• _Assignment_
In the entries below, find the line with "Glass Bathroom Accessories" and the line with "Sushi menu at Poke & Pizza House in Lisbon"; reproduce those two lines and all lines between them exactly, without pictures.

• _Raw data_
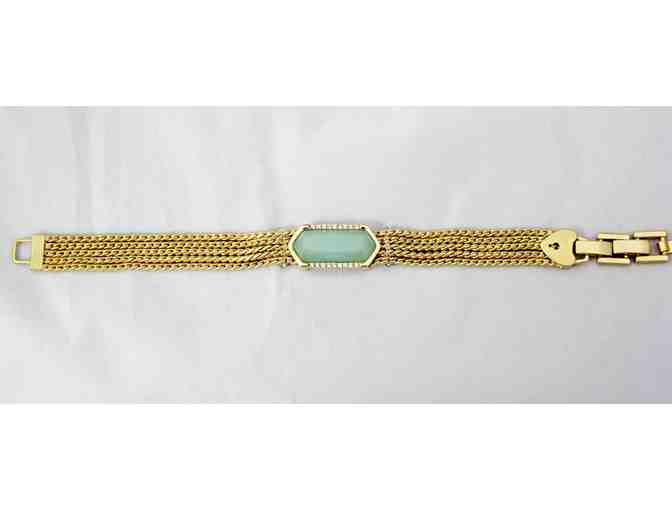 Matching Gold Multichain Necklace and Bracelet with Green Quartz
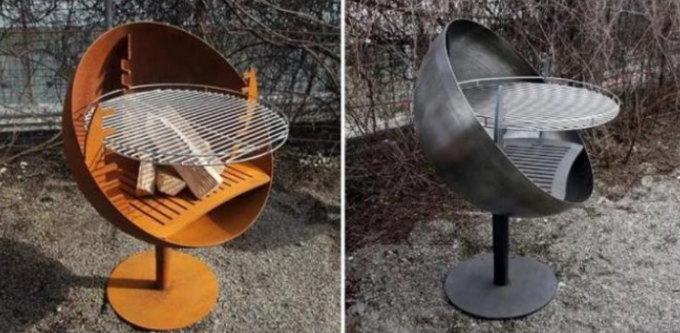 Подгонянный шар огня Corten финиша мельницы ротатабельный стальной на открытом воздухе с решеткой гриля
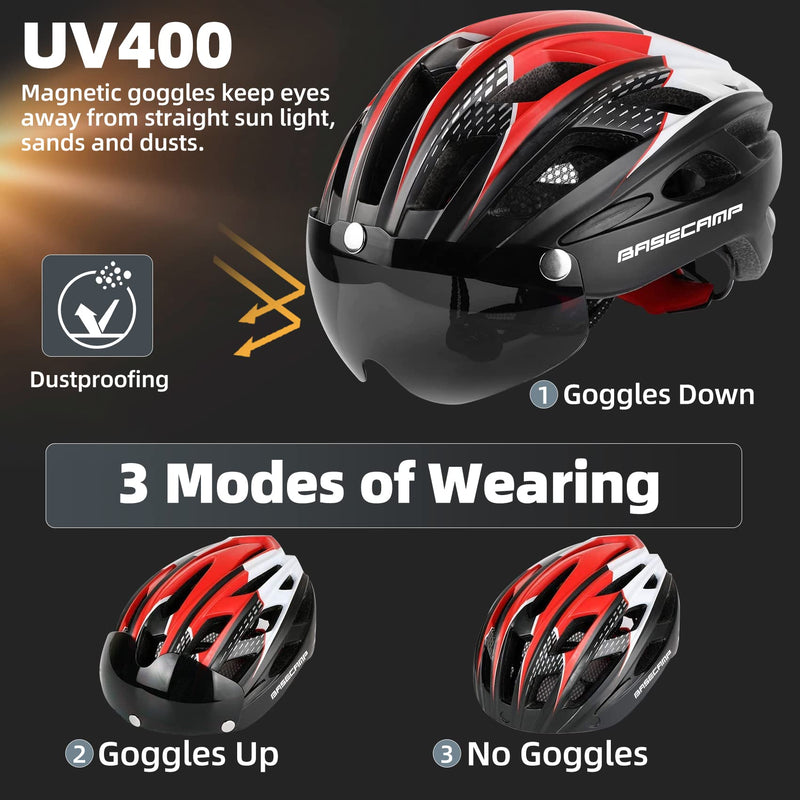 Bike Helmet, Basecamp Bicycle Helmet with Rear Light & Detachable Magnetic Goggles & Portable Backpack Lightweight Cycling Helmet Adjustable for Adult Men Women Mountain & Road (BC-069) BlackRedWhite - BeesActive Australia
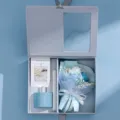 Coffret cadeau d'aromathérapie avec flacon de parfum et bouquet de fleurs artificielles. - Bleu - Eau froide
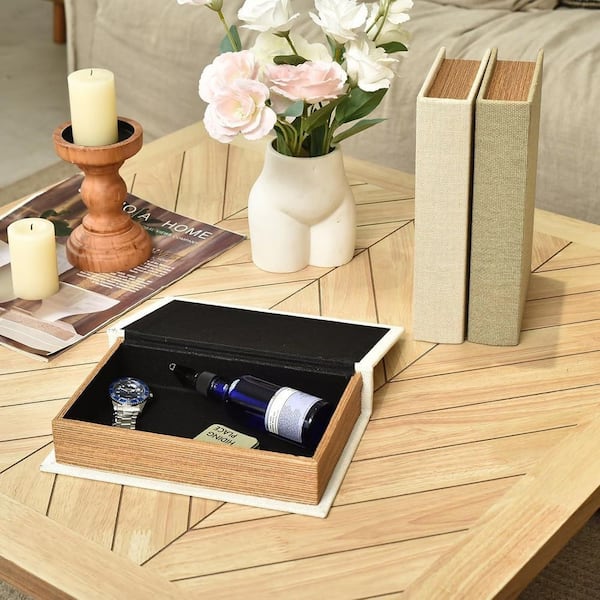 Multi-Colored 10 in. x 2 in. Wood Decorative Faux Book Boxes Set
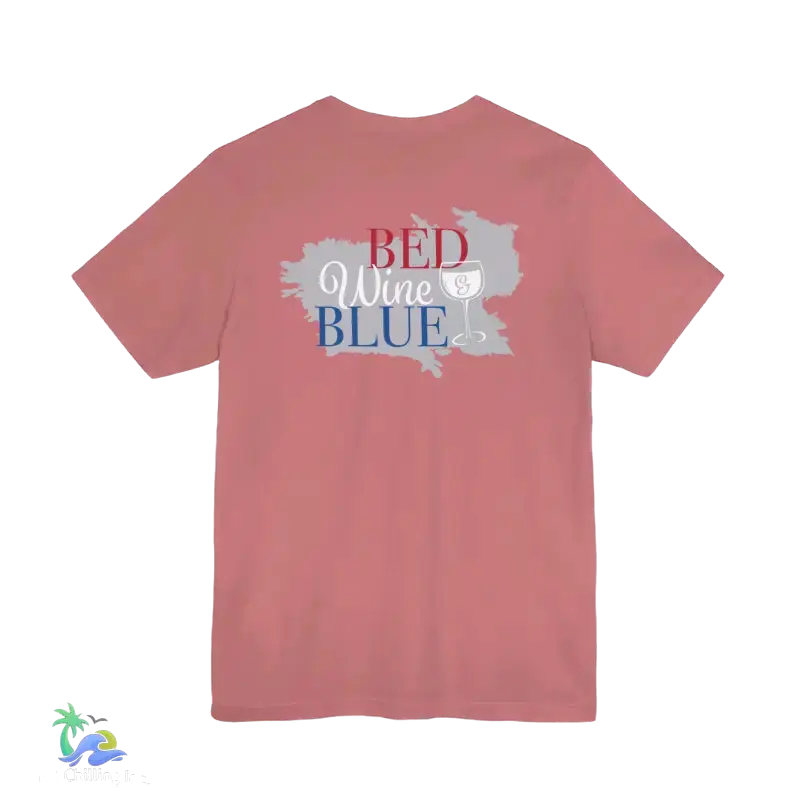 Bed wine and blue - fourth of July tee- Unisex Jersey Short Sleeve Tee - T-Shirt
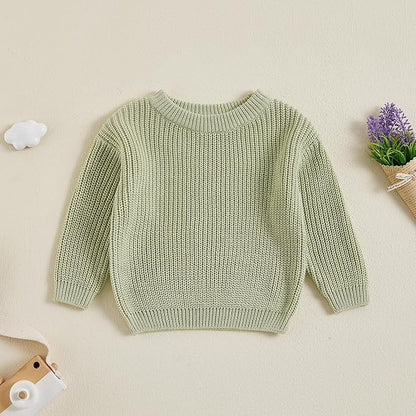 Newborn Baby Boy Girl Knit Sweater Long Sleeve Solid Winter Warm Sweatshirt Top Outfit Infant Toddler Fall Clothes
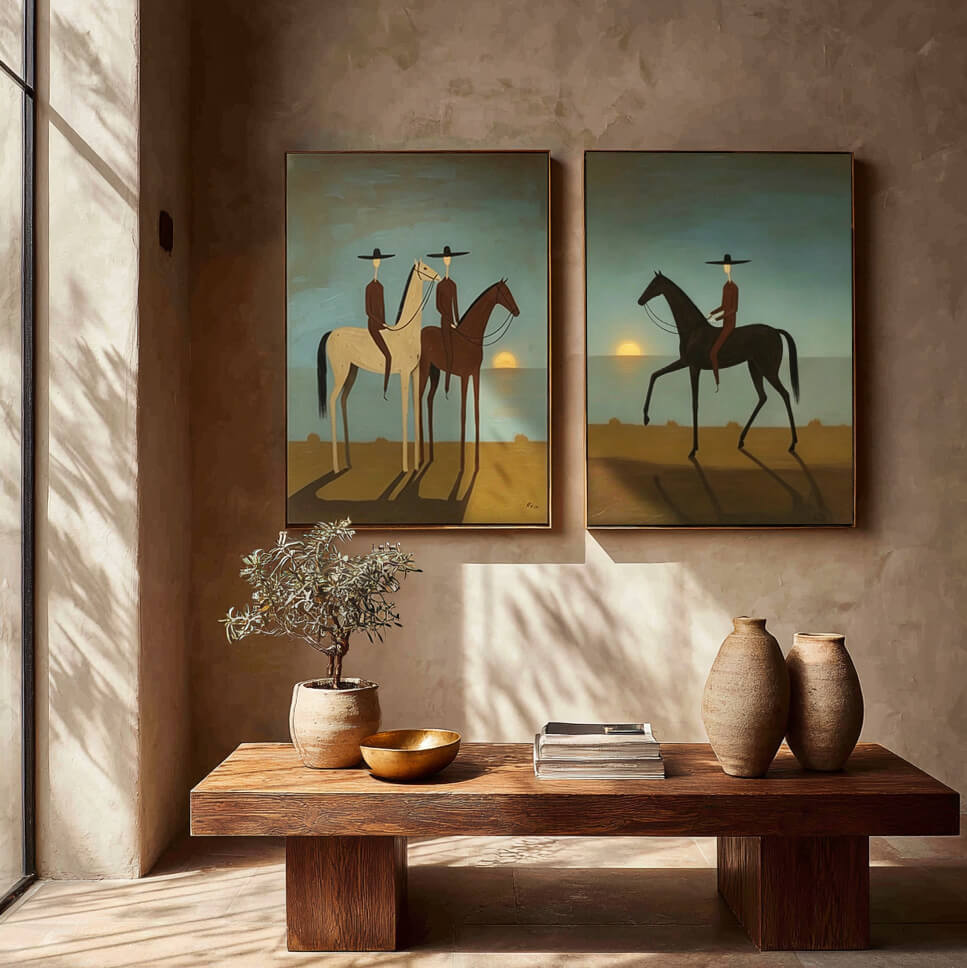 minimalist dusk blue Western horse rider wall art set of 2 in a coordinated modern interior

---

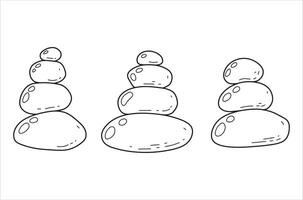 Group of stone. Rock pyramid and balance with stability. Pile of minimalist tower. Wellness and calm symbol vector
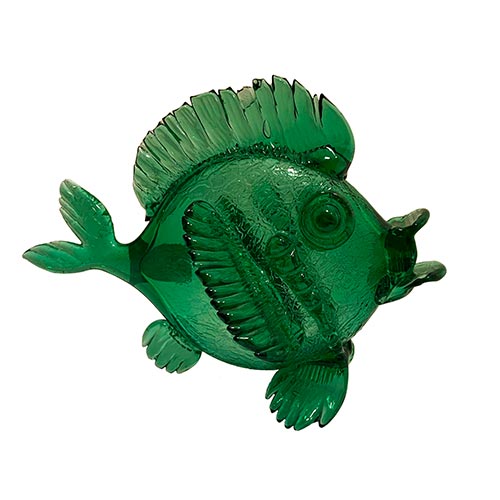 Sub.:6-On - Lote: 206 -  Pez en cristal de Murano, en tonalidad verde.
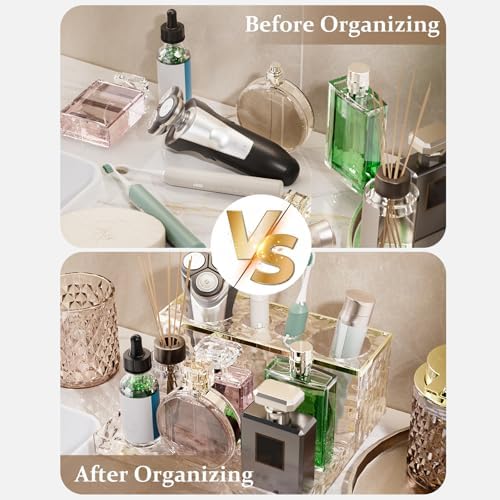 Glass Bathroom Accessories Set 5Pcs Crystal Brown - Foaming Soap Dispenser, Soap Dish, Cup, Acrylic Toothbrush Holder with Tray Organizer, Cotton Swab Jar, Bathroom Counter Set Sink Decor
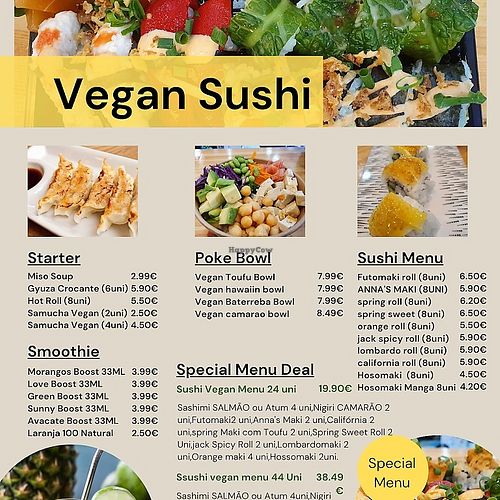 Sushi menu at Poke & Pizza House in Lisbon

• _Finished exercise_
 Glass Bathroom Accessories Set 5Pcs Crystal Brown - Foaming Soap Dispenser, Soap Dish, Cup, Acrylic Toothbrush Holder with Tray Organizer, Cotton Swab Jar, Bathroom Counter Set Sink Decor
 Sushi menu at Poke & Pizza House in Lisbon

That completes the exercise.